Task statement:
The lines below from the one with "200pcs 12mm Beech" up to and including the one with "Ultra Natural Seamless" are what you should set down, exactly and without pictures.

Dataset:
..........
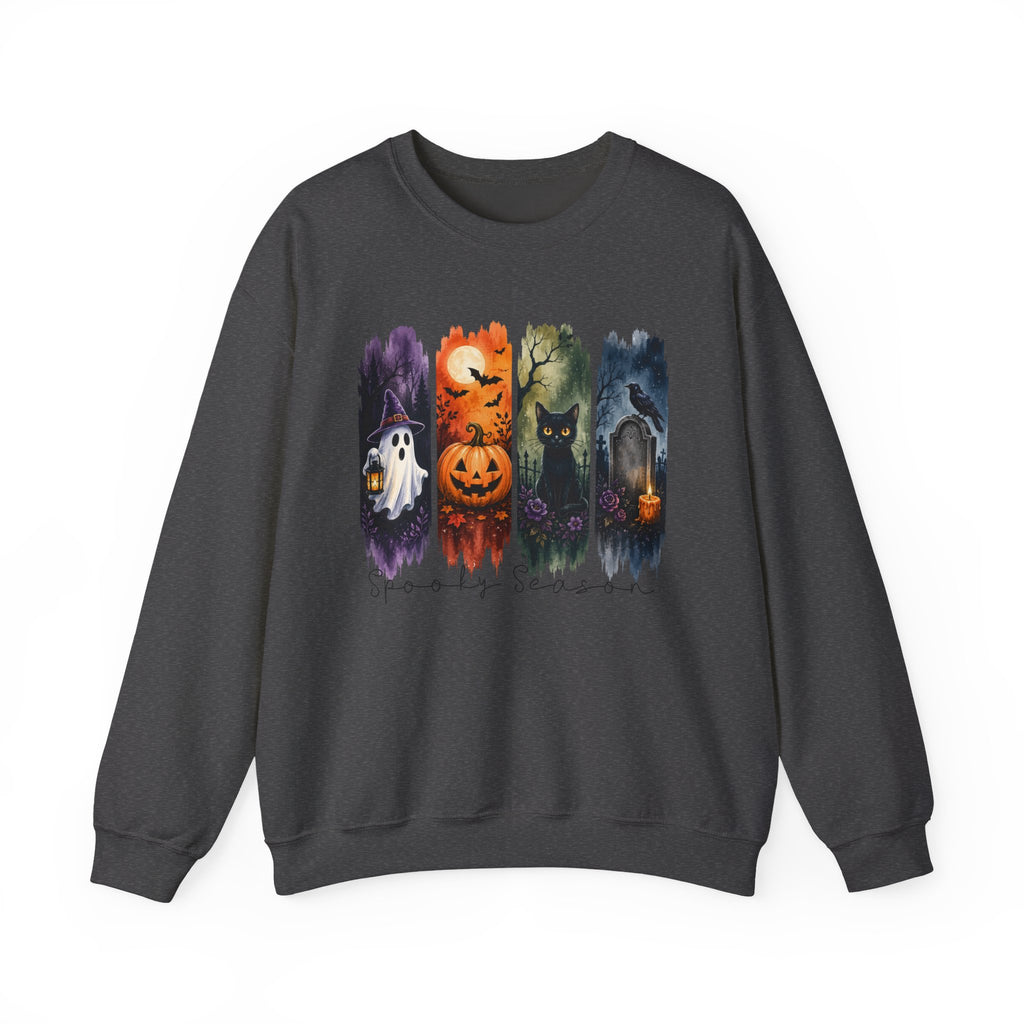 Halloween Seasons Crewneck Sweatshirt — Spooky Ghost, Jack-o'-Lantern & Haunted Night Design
..........
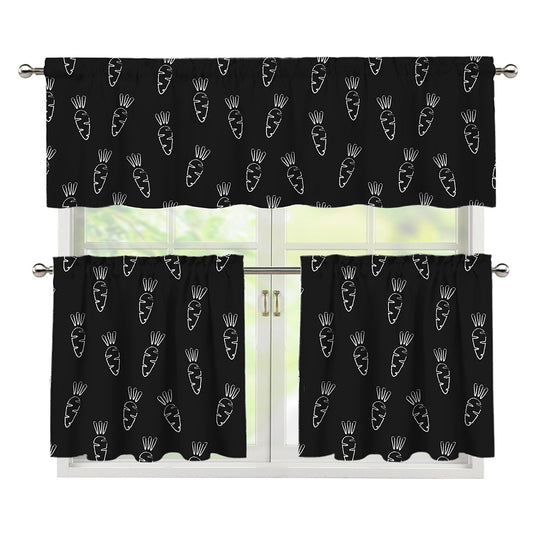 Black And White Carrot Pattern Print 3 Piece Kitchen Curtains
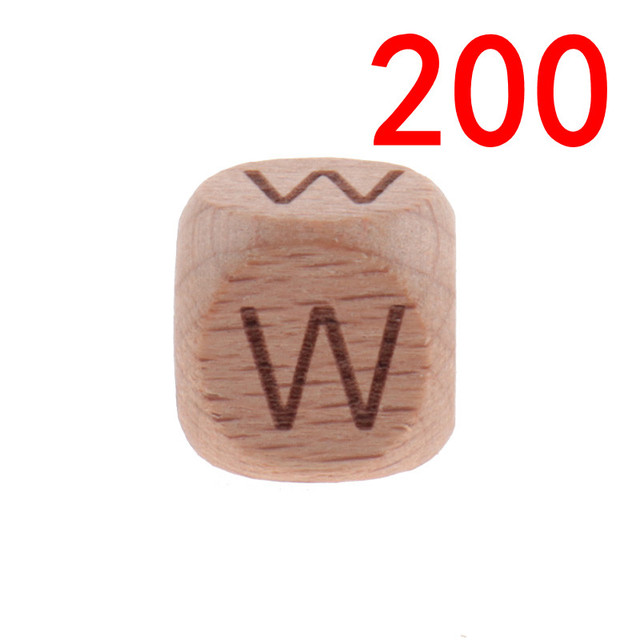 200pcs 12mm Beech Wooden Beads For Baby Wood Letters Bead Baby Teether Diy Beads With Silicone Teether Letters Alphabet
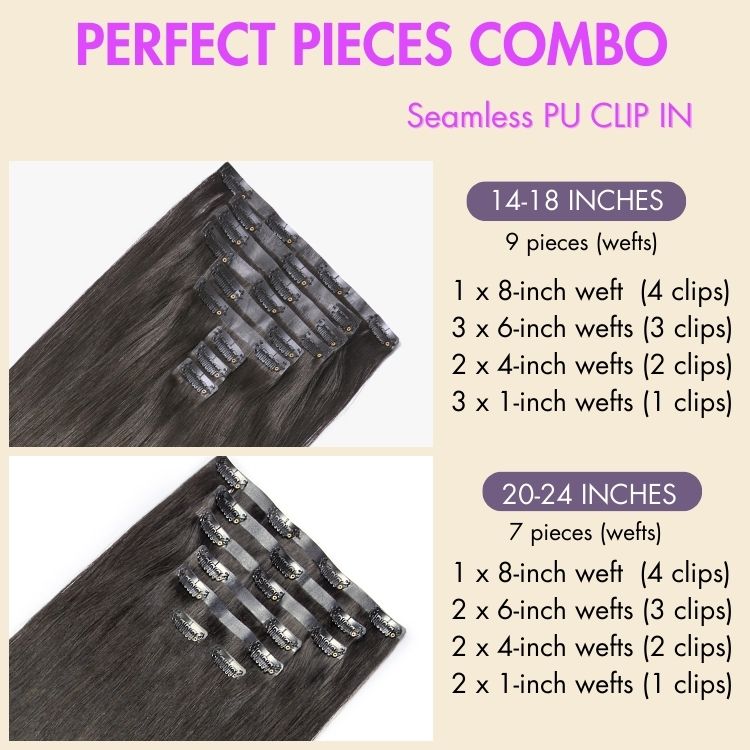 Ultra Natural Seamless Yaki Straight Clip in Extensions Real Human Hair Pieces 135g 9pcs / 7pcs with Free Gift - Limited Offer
..........
Solution to the problem:
 200pcs 12mm Beech Wooden Beads For Baby Wood Letters Bead Baby Teether Diy Beads With Silicone Teether Letters Alphabet
 Ultra Natural Seamless Yaki Straight Clip in Extensions Real Human Hair Pieces 135g 9pcs / 7pcs with Free Gift - Limited Offer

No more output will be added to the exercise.